Listed records
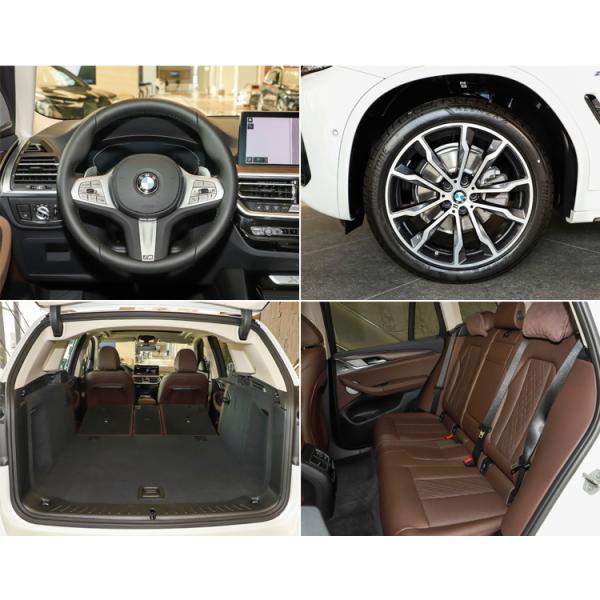 Used Car BM X3 2022 XDrive30i Premium M Night Edition Cheap Used Cars in SUIFENHE or Khorgos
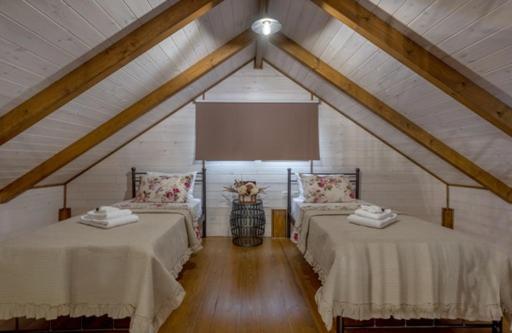 Chalet Edelweiss Preveza Exteriör bild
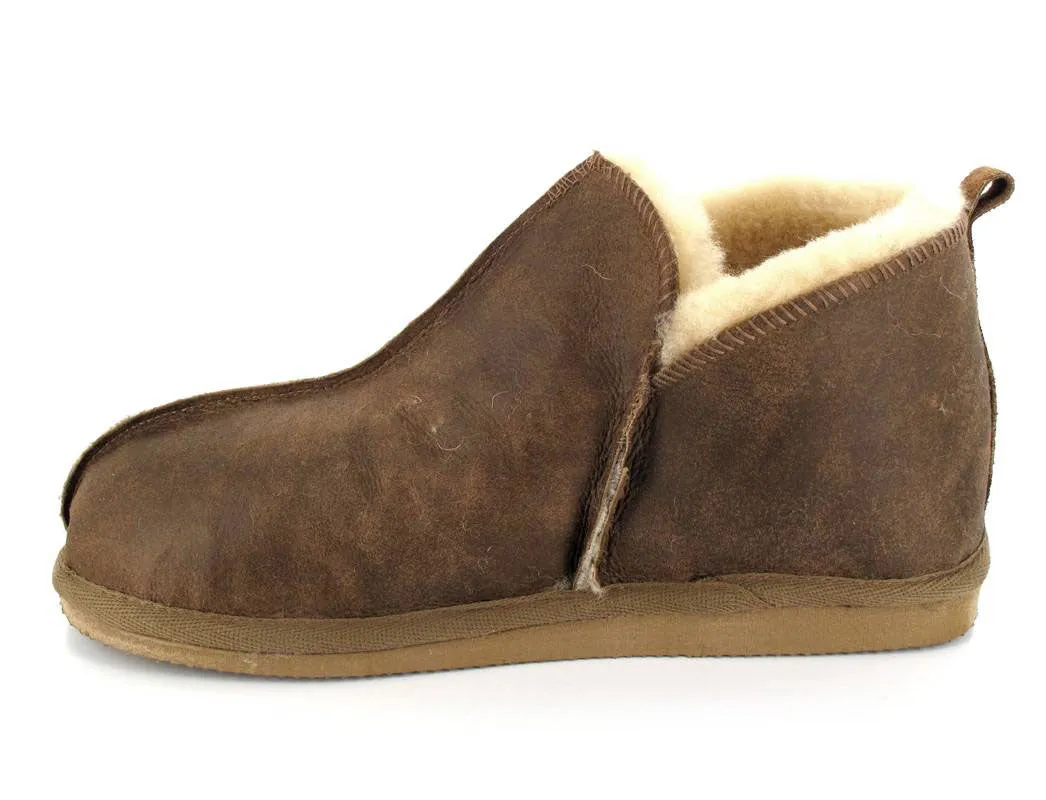 SHEPHERD Annie Women's Shearling Booties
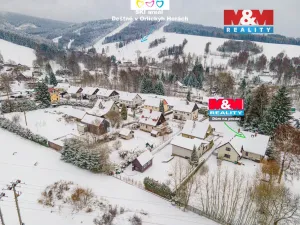 Prodej rodinného domu, Deštné v Orlických horách, 400 m2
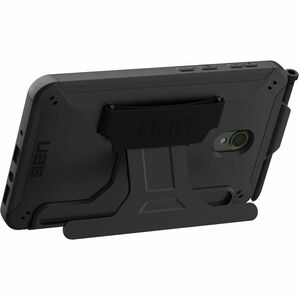 Urban Armor Gear Scout Series Galaxy Tab Active5 Case with Kickstand and Hand Strap - Black - For Samsung Galaxy Tab Activ
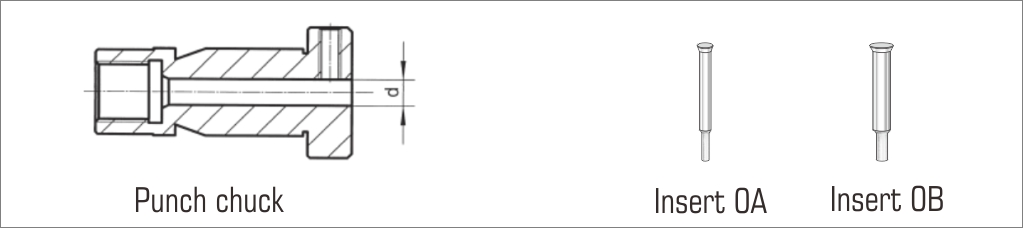 Trumpf punch chuck1 Trumpf punch chuck1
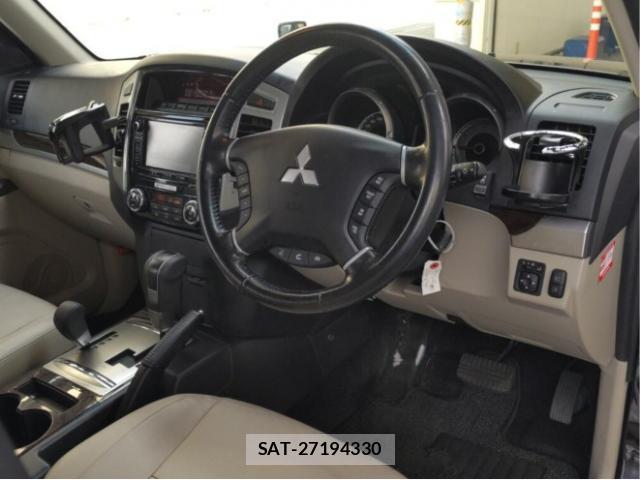 Mitsubishi PAJERO 2019-06 8223611-2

Exercise
For every entry above, write it out exactly and remove any image.

Response box
 Used Car BM X3 2022 XDrive30i Premium M Night Edition Cheap Used Cars in SUIFENHE or Khorgos
 Chalet Edelweiss Preveza Exteriör bild
 SHEPHERD Annie Women's Shearling Booties
 Prodej rodinného domu, Deštné v Orlických horách, 400 m2
 Urban Armor Gear Scout Series Galaxy Tab Active5 Case with Kickstand and Hand Strap - Black - For Samsung Galaxy Tab Activ
 Trumpf punch chuck1 Trumpf punch chuck1
 Mitsubishi PAJERO 2019-06 8223611-2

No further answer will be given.